**What you have to do:**
Repeat, exactly and in full, the lines of the listing below, but without any pictures.

**Records for this task:**
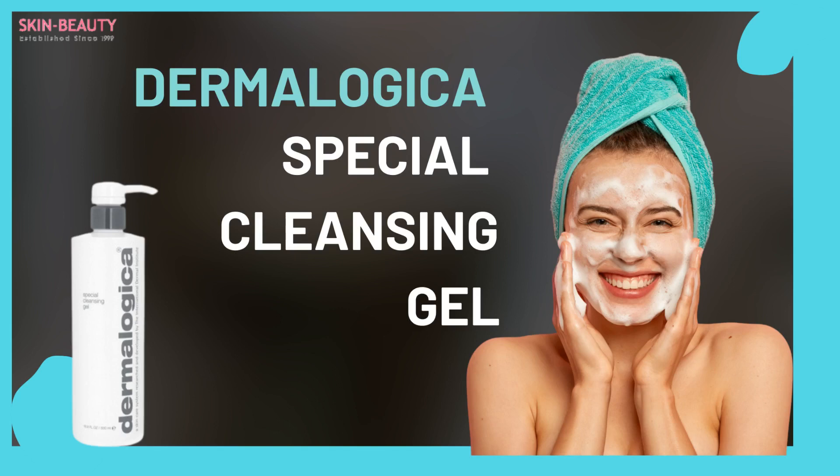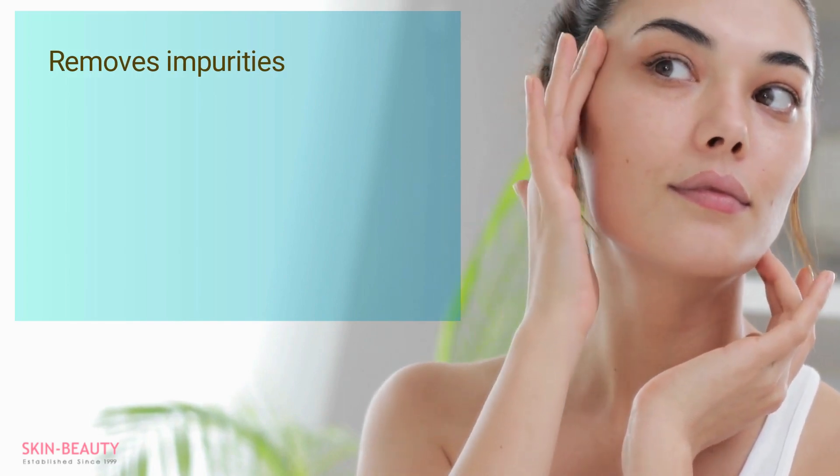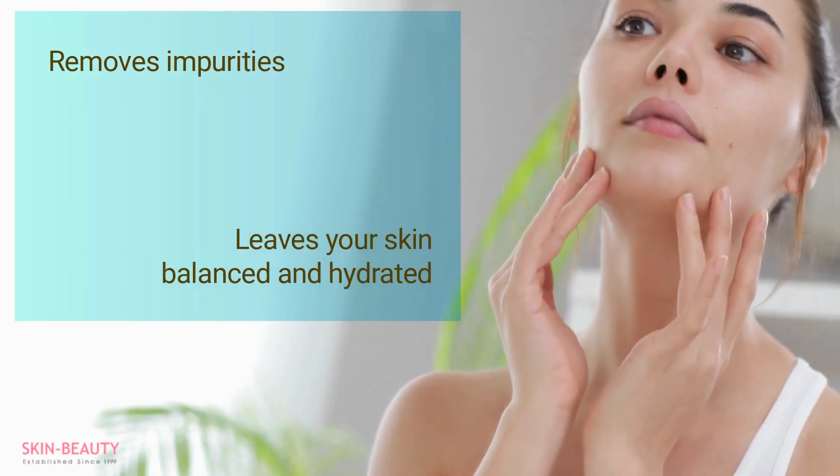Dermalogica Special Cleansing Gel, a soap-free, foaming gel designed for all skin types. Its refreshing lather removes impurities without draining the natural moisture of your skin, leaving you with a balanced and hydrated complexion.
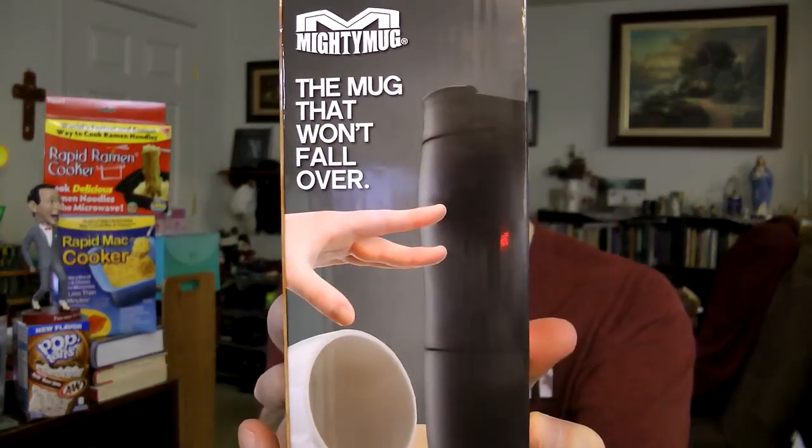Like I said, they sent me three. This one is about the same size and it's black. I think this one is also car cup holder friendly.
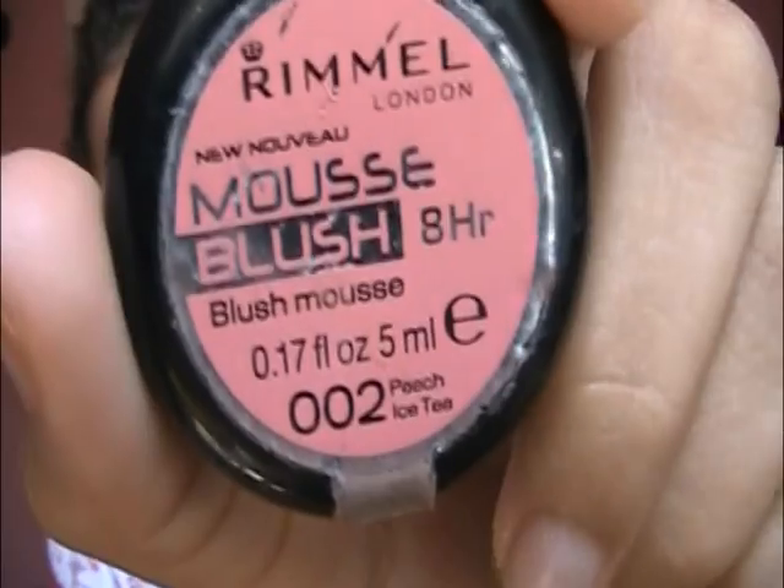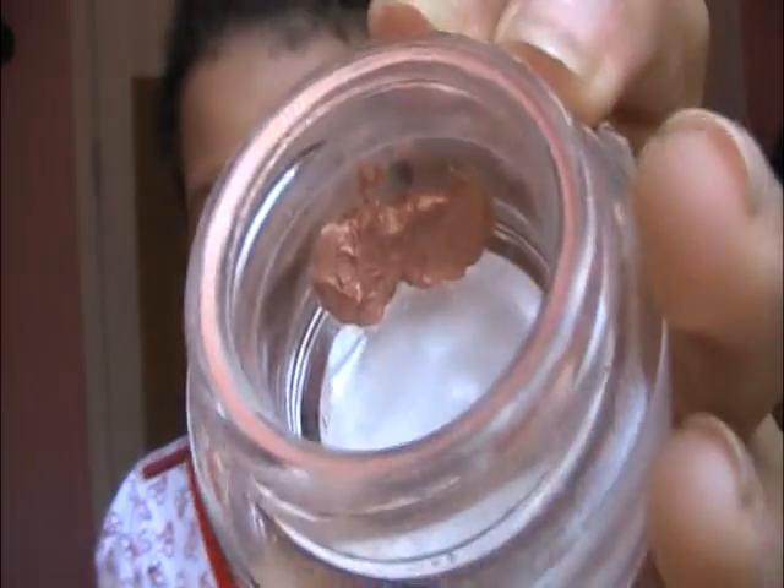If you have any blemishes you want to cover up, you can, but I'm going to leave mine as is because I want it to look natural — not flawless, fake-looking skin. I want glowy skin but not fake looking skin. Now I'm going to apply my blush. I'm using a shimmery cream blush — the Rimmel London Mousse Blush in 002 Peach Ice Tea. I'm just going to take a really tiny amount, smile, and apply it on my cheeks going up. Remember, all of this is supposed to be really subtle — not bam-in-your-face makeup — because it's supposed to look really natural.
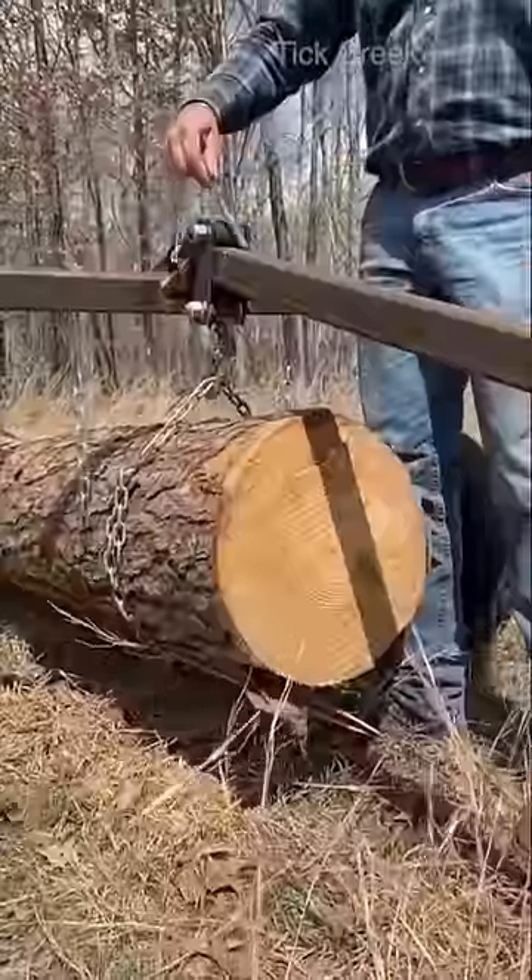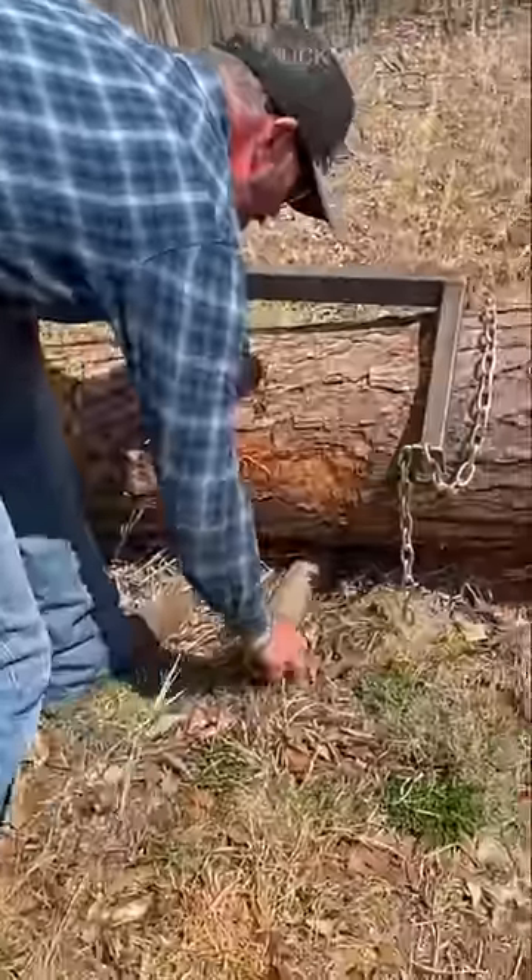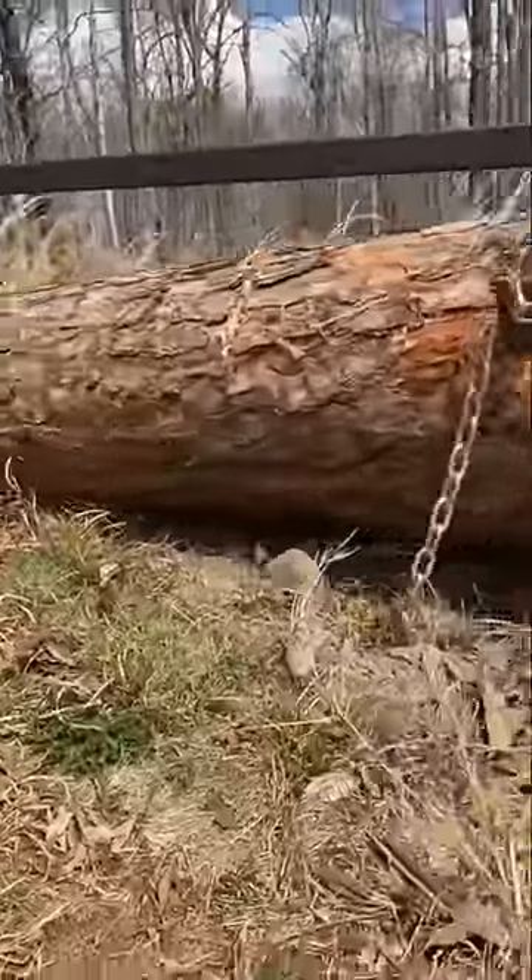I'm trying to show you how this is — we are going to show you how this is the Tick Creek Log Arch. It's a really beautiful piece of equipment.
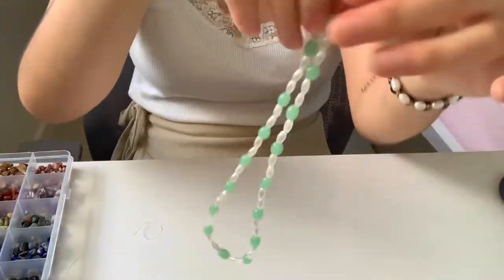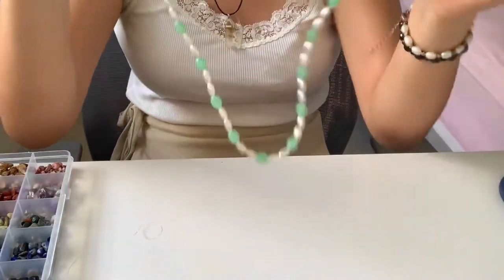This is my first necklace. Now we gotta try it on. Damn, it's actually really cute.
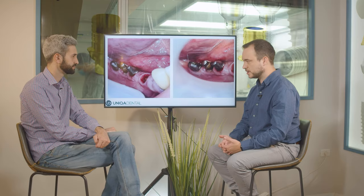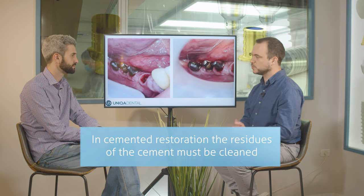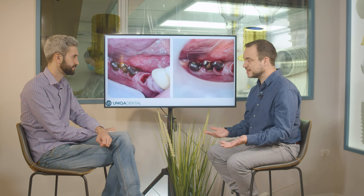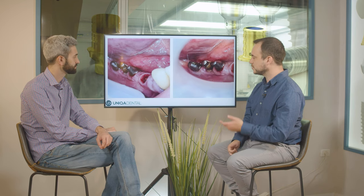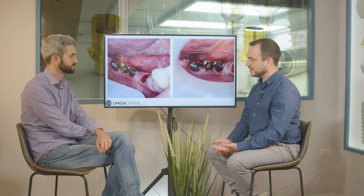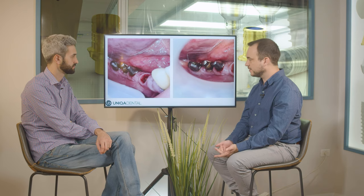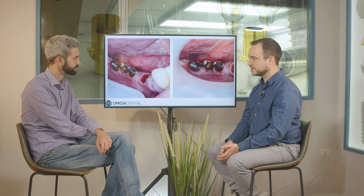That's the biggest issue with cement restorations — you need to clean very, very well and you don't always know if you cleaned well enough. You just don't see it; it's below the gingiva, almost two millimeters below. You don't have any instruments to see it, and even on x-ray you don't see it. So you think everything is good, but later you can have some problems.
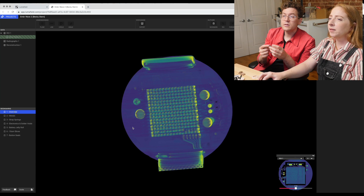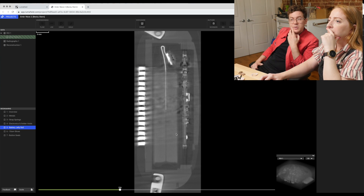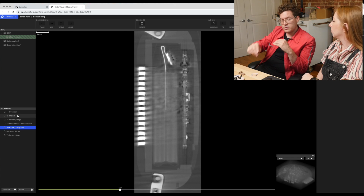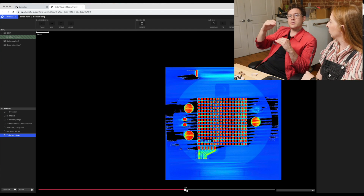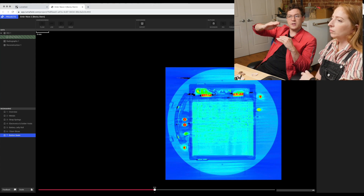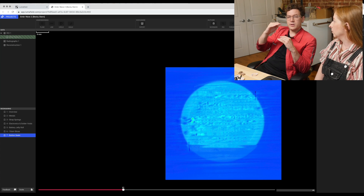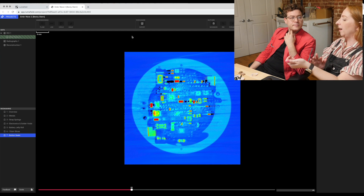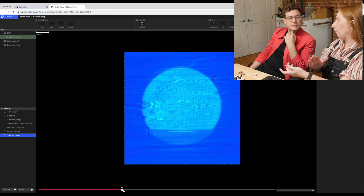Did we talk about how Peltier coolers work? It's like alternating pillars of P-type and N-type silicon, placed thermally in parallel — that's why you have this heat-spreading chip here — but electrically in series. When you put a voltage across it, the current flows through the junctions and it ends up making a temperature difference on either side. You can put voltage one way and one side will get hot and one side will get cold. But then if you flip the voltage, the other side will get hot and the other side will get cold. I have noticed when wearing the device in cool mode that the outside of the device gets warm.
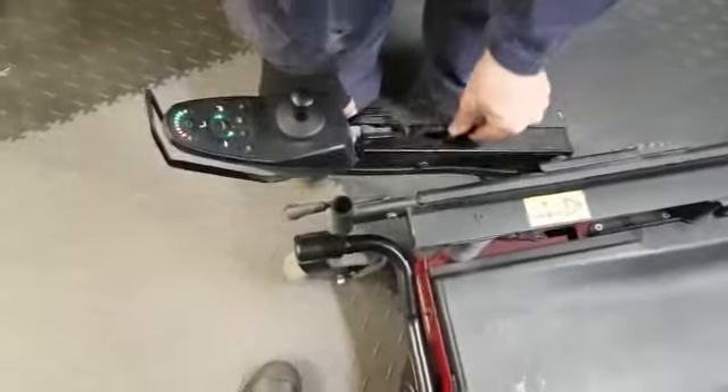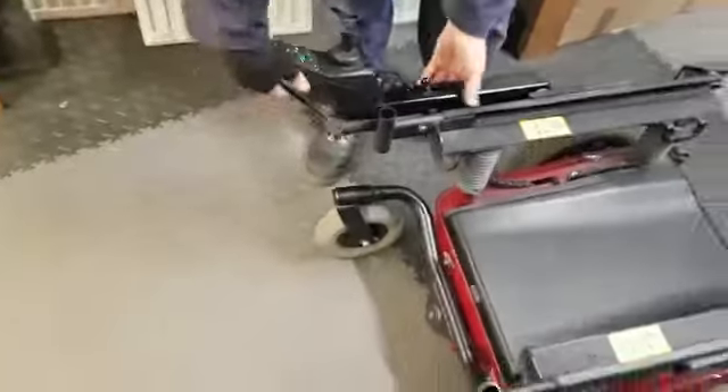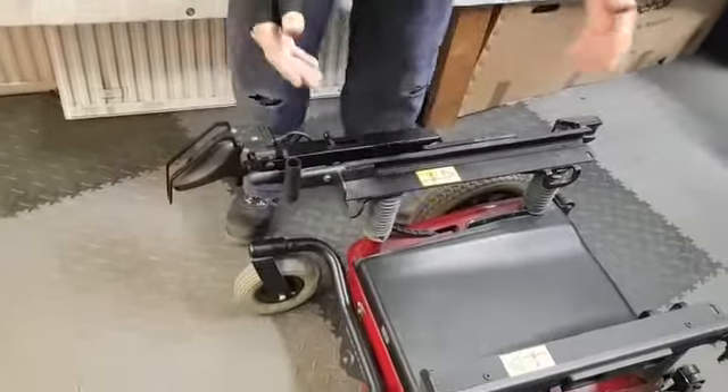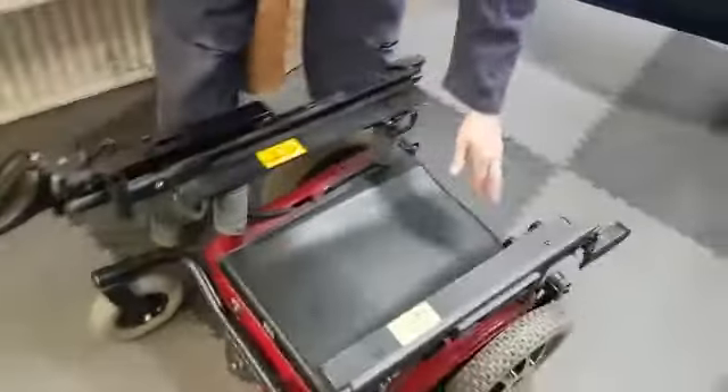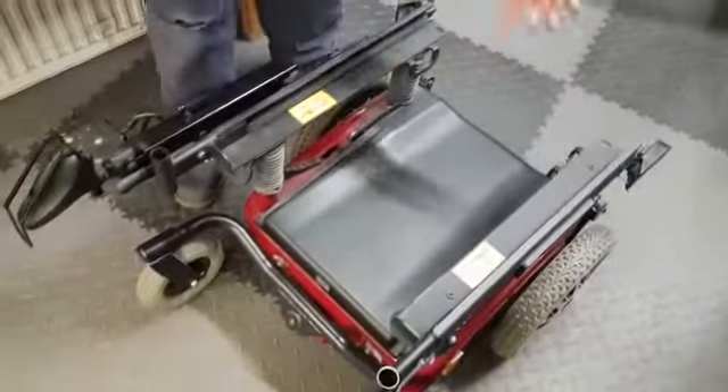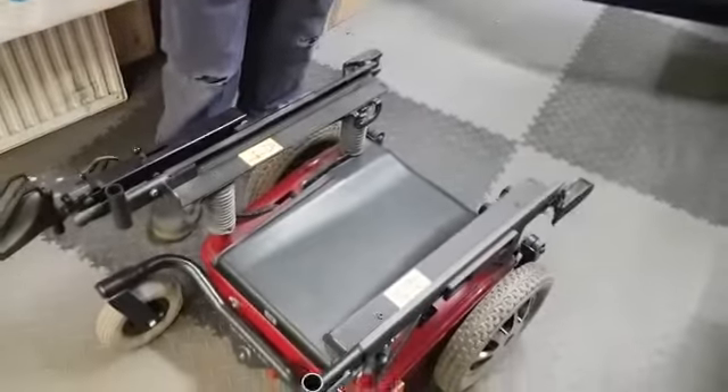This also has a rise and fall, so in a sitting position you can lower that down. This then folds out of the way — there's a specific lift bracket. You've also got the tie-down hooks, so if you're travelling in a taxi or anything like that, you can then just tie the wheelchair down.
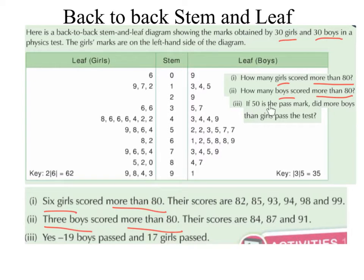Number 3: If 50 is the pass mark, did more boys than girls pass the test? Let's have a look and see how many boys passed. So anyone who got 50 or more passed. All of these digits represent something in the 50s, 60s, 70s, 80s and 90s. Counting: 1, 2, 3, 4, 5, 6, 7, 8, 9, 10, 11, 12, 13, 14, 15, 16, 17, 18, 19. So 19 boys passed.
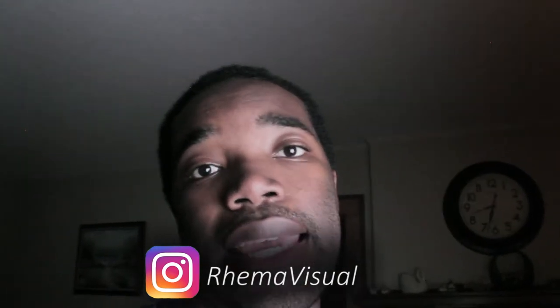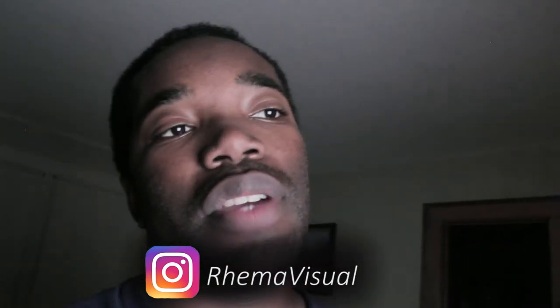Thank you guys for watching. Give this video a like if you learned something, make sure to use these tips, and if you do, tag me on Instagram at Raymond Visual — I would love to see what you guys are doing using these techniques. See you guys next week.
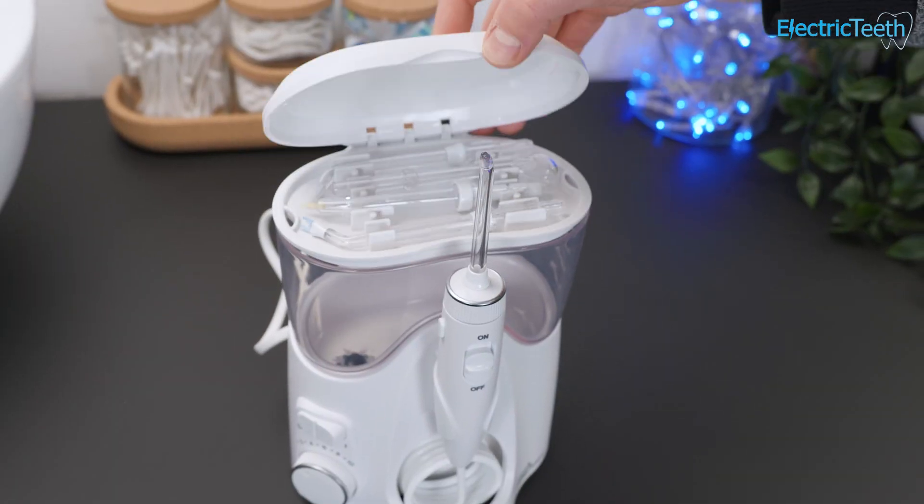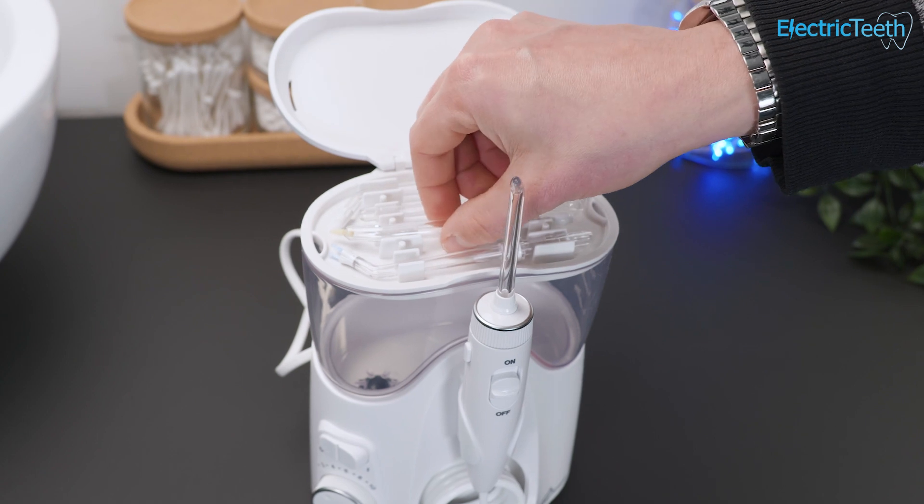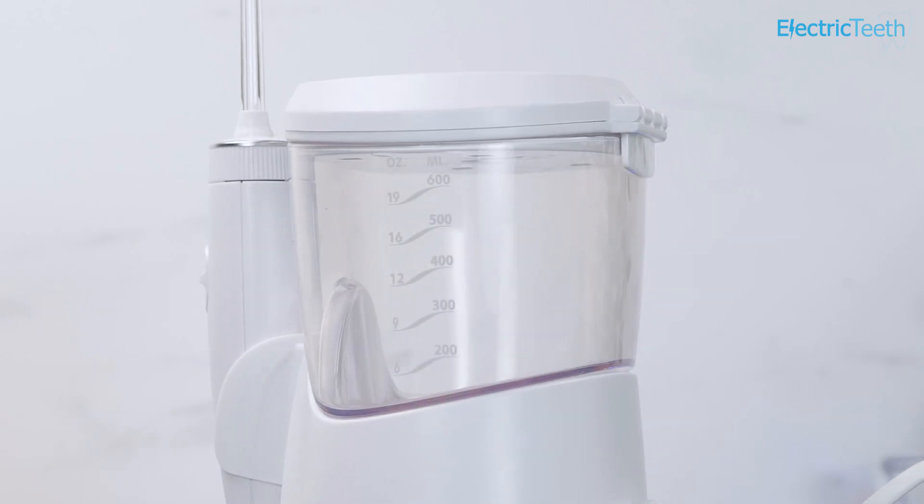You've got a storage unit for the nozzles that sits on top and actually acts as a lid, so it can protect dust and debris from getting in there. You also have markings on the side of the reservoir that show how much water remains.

**Response area:**
Dermalogica Special Cleansing Gel, a soap-free, foaming gel designed for all skin types. Its refreshing lather removes impurities without draining the natural moisture of your skin, leaving you with a balanced and hydrated complexion.
Like I said, they sent me three. This one is about the same size and it's black. I think this one is also car cup holder friendly.
If you have any blemishes you want to cover up, you can, but I'm going to leave mine as is because I want it to look natural — not flawless, fake-looking skin. I want glowy skin but not fake looking skin. Now I'm going to apply my blush. I'm using a shimmery cream blush — the Rimmel London Mousse Blush in 002 Peach Ice Tea. I'm just going to take a really tiny amount, smile, and apply it on my cheeks going up. Remember, all of this is supposed to be really subtle — not bam-in-your-face makeup — because it's supposed to look really natural.
I'm trying to show you how this is — we are going to show you how this is the Tick Creek Log Arch. It's a really beautiful piece of equipment.
This is my first necklace. Now we gotta try it on. Damn, it's actually really cute.
That's the biggest issue with cement restorations — you need to clean very, very well and you don't always know if you cleaned well enough. You just don't see it; it's below the gingiva, almost two millimeters below. You don't have any instruments to see it, and even on x-ray you don't see it. So you think everything is good, but later you can have some problems.
Did we talk about how Peltier coolers work? It's like alternating pillars of P-type and N-type silicon, placed thermally in parallel — that's why you have this heat-spreading chip here — but electrically in series. When you put a voltage across it, the current flows through the junctions and it ends up making a temperature difference on either side. You can put voltage one way and one side will get hot and one side will get cold. But then if you flip the voltage, the other side will get hot and the other side will get cold. I have noticed when wearing the device in cool mode that the outside of the device gets warm.
This also has a rise and fall, so in a sitting position you can lower that down. This then folds out of the way — there's a specific lift bracket. You've also got the tie-down hooks, so if you're travelling in a taxi or anything like that, you can then just tie the wheelchair down.
Number 3: If 50 is the pass mark, did more boys than girls pass the test? Let's have a look and see how many boys passed. So anyone who got 50 or more passed. All of these digits represent something in the 50s, 60s, 70s, 80s and 90s. Counting: 1, 2, 3, 4, 5, 6, 7, 8, 9, 10, 11, 12, 13, 14, 15, 16, 17, 18, 19. So 19 boys passed.
Thank you guys for watching. Give this video a like if you learned something, make sure to use these tips, and if you do, tag me on Instagram at Raymond Visual — I would love to see what you guys are doing using these techniques. See you guys next week.
You've got a storage unit for the nozzles that sits on top and actually acts as a lid, so it can protect dust and debris from getting in there. You also have markings on the side of the reservoir that show how much water remains.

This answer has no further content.